Le régime hipster. À Montréal nous connaissons bien ce fléau qui place les pauvres âmes dans mon genre en situation d’infériorité. Le site Internet Buzzfeed qui occupe notre temps de figurants en cours me l’a affirmé : je ne suis pas une hipster, selon un quizz poussé sur les différents aspects de ma personnalité. J’ai même réitéré en répondant aux questions de « Êtes-vous cool ? », la réponse fut un NON orné d’une photo de Teckel en gilet. Je ne suis donc pas de ceux qui s’habillent mieux, qui « clubbent » mieux, qui « mixent » mieux, qui pédalent mieux, qui se tatouent mieux, qui décorent mieux et qui évidemment mangent mieux. Mais étant toujours en quête de l’excellence culinaire je me suis donc attelée à comprendre quel est ce régime qui rend la barbe si douce.

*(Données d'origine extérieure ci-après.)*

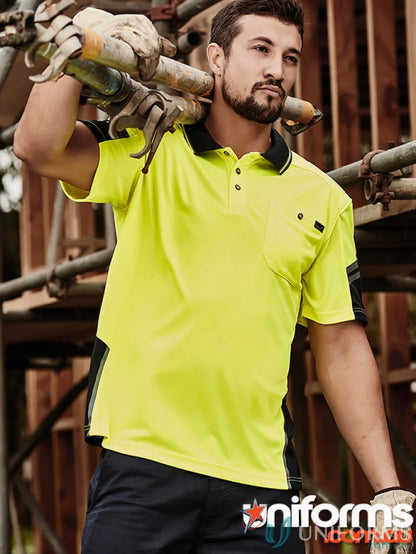 Man wearing Syzmik Men’s Sleeve Polo Zh465 from the Vis Reinforced Squad series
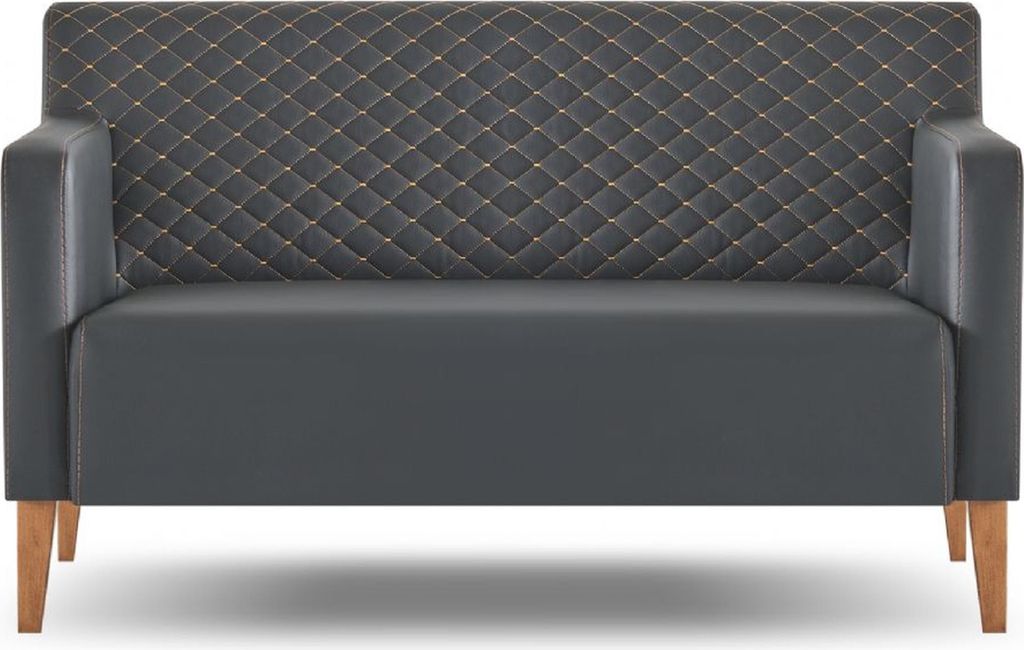 Sofa 2-Sitzer Arbeitszimmer Schwarz Einfarbig Modern Design Wohnzimmer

Lancée dans ma découverte de ce nouveau monde gastronomique, je me suis aventurée dans les contrées les plus sombres du Plateau Mont-Royal, j’ai même poussé mon convoi jusqu’à Brooklyn avant de finalement me perdre dans la jungle de Tumblr. Et ce fut entre un hachis parmentier purement végétarien enrichi au quinoa et un tiramisu soja-café local équitable bio – sans sucre, sans ajout, sans gluten, sans gras – que j’ai compris. Ces chemises à carreaux barbues n’ont rien inventé. Le hipster agrémente simplement des recettes bien connues d’un goût mi-amer mi-acide : celui qui nous donne l’impression de manger sain. Les études portées sur la consommation de soja dans notre alimentation révèlent qu’il présente un danger sur notre système endocrinien. Or, quand nous retrouvons son arrière-gout végétalement triste au détour d’un « smoothie » au gazon et sirop d’agave, nous ne pouvons nous empêcher de penser que ce sacrifice des papilles est un bienfait pour le reste de notre corps.
La gastronomie hispster ne serait alors qu’un simple effet marketing, une illusion bien trop travaillée pour être couronnée de la « coolitude » suprême. Un nouveau style qui préfère les plats esthétiques prêts à être publiés sur Instagram avec les noms d’ingrédients les plus saugrenus en commentaire ; plutôt que d’offrir de l’émotion et de la gourmandise. Finalement j’éprouve presque une certaine compassion pour cette tribu en crise qui cherche une identité pour notre génération : nos grands-parents se libéraient et mangeaient frais, nos parents se rebellaient et s’approvisionnaient de nouveautés mondialisées, quant aux hipsters actuels ils ont créé l’uniforme de l’originalité et s’étouffent à coup de tofu fumé.